JAKARTA - Kepala Dinas Sosial Provinsi Gorontalo Muhammad Nadjamuddin menyebut kemarahan Menteri Sosial Tri Rismaharini kepada seorang petugas koordinator Program Keluarga Harapan (PKH) diawali karena kesalahan komunikasi. Kejadian ini terjadi saat Risma melakukan kunjungan kerja di Gorontalo pada Kamis, 30 September lalu.

Ia menjelaskan kemarahan Risma awalnya terjadi saat politikus PDI Perjuangan itu mengecek data penerimaan bantuan sosial antara pihak bank sebagai penyalur dengan para koordinator PKH di berbagai wilayah. Selain itu mereka juga diminta menyampaikan kendala dalam menyerahkan bantuan kepada masyarakat yang membutuhkan.

"Ditanyakan sudah sejauh mana realisasi penerimaan atau penyerahan tersebut," ungkap Nadjamuddin saat berbincang dengan VOI melalui teleconference, Sabtu, 2 September.

Namun, akibat adanya perbedaan data, seorang koordinator menyampaikan ada beberapa masyarakat belum menerima bantuan sosial karena kemungkinan dicoret. "Nah, kata coret itu yang membuat Bu Risma naik pitam. Itu yang jadi persoalan," tegasnya.

"Itu yang jadi persoalannya. Jadi ini ada miskomunikasi tentang data. Bahwa yang mana setelah dicek ke pihak bank, nama itu masih ada. Apa yang disampaikan koordinator PKH juga langsung dikroscek di kementerian karena kebetulan ada staf ahli yang mengelola itu dan ternyata nama itu masih ada," imbuh Nadjamuddin.

Hanya saja, dia tak menyalahkan perbedaan data yang dipegang oleh koordinator PKH itu. Penyebabnya, data tersebut tidak dibuka oleh Kementerian Sosial (Kemensos) kepada koordinator tapi hanya kepada pihak bank.

"SP2Dnya itu dari Kemensos hanya kepada pihak bank. Kemudian pihak bank itu menyampaikan ke pendamping PKH termasuk kabupaten atau kota. Saya pun dinas provinsi enggak dapat. Di sini yang jadi persoalan," jelas Nadjamuddin.

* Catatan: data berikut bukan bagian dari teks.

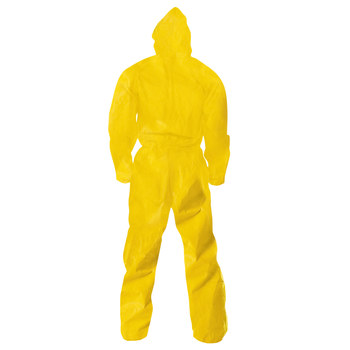Ansell KleenGuard Overoles resistentes a productos químicos A70 09815 - tamaño 2XG - Polietileno/polipropileno - Amarillo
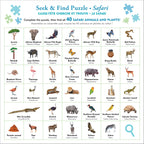 Safari Seek & Find 100-Piece Jigsaw Puzzle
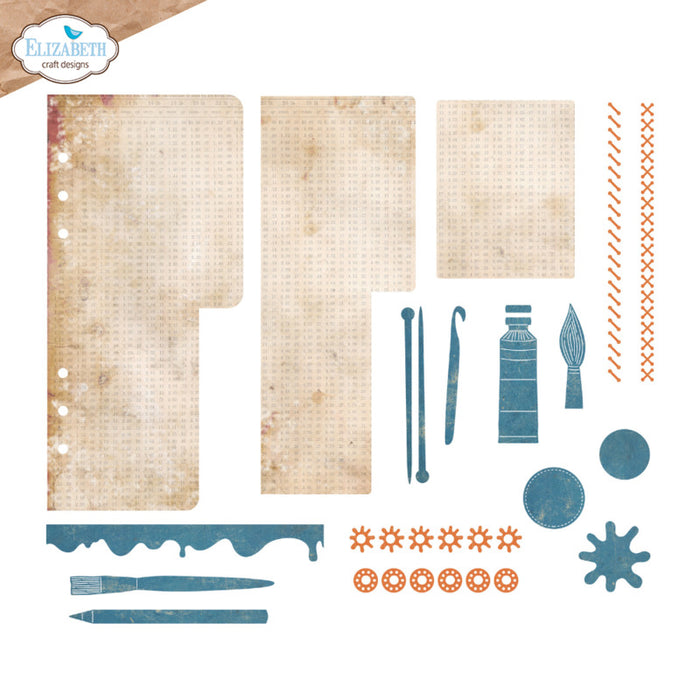 Elizabeth Craft - Die - Home Hobbies. Includes 17 Dies. Available at Embellish Away located in Bowmanville Ontario Canada.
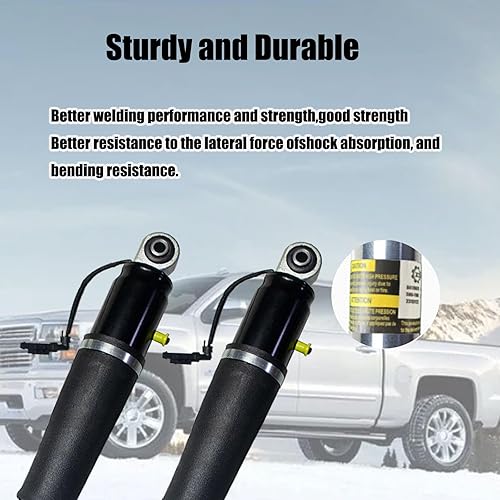 Miniatura 6 de 84176675 Par de amortiguadores de aire trasero compatibles con Chevy Tahoe Suburban Cadillac Escalade ESV GMC Yukon XL 23151122 23267007 23290661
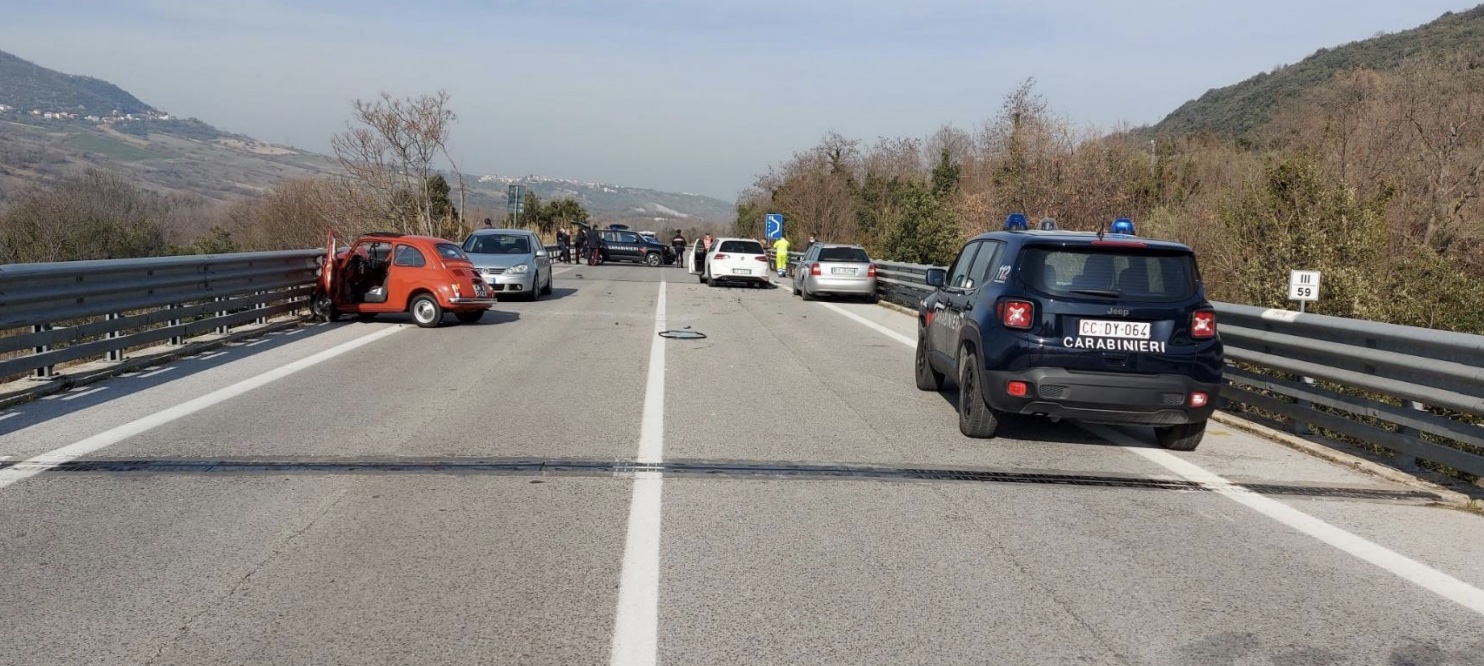 Chiesto il processo per il 22enne che con un sorpasso azzardato avrebbe causato la morte di Salvatore Calderone - Gallery 4 foto incidente 1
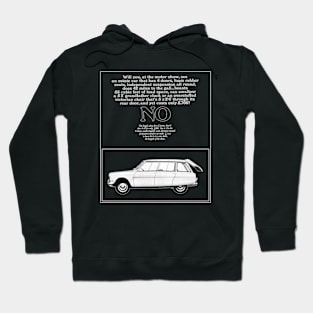 1960s FRENCH ESTATE CAR - advert Hoodie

Dia pun tak menyangka Risma naik pitam sampai menunjuk dan mendorong petugas koordinator yang tengah menyampaikan permasalahan yang dihadapi. Apalagi, ia menganggap petugas tersebut juga tak tahu apa-apa karena hanya berupaya memperjuangkan hak masyarakat yang membutuhkan bantuan.

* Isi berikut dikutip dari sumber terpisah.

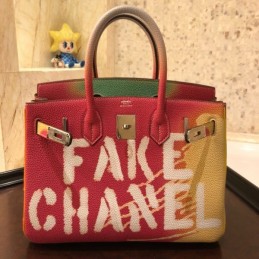 Replica Hermes Yellow Fake Chanel Birkin 30 Bag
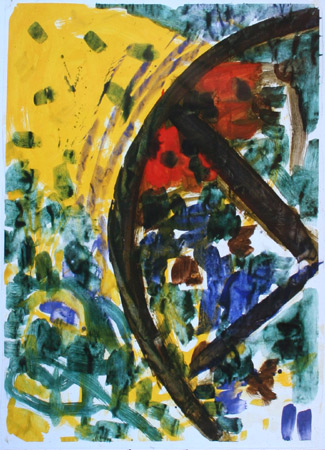 Michael Kravagna - Eggtempera on paper, 70x50, 1990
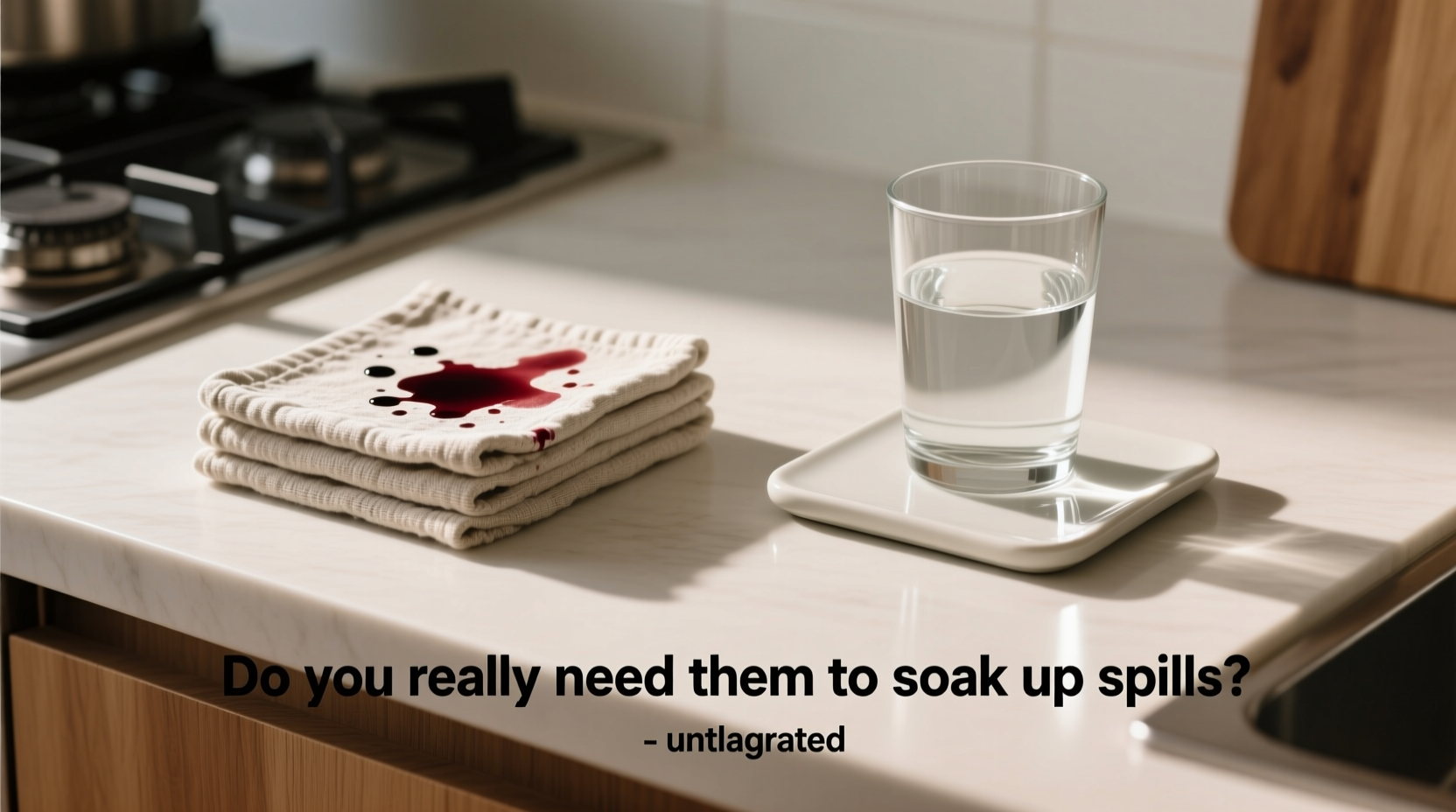 absorbent vs non absorbent coasters do you really need them to soak up spills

"Cuma mungkin karena dia menyampaikan bahwa sudah dicoret, nah, Bu Risma naik pitam. 'Saya tidak pernah mencoret saya hanya memperluas'. Itu kemudian Ibu Risma naik pitam, naik darah, tensinya jadi tinggi," katanya.

"Beliau setelah kejadian itu, setelah menunjuk itu beliau langsung marah, kembali ke tempat duduknya, malah mengusir. Itu yang jadi kurang bagus untuk kami yang ada di daerah," tambah Nadjamuddin.

Dirinya pun tak menampik suasana rapat yang digelar pada hari itu sempat tidak enak bahkan para koordinator PKH tak mau lagi untuk menyampaikan kendala yang mereka hadapi di lapangan. Namun, suasana ini sempat cair karena para koordinator PKH ini kembali berbincang dengan Risma dan akhirnya dia mengetahui permasalahan yang tengah dihadapi.

"Teman-teman PKH masih sempat menyampaikan yang sbenernya. Tapi saya tidak ikuti lagi. Mereka menyampaikan lagi baru Bu Risma paham. Itu mereka cerita ke saya. Dari situ Bu Risma paham apa yang terjadi," tutur Nadjmuddin.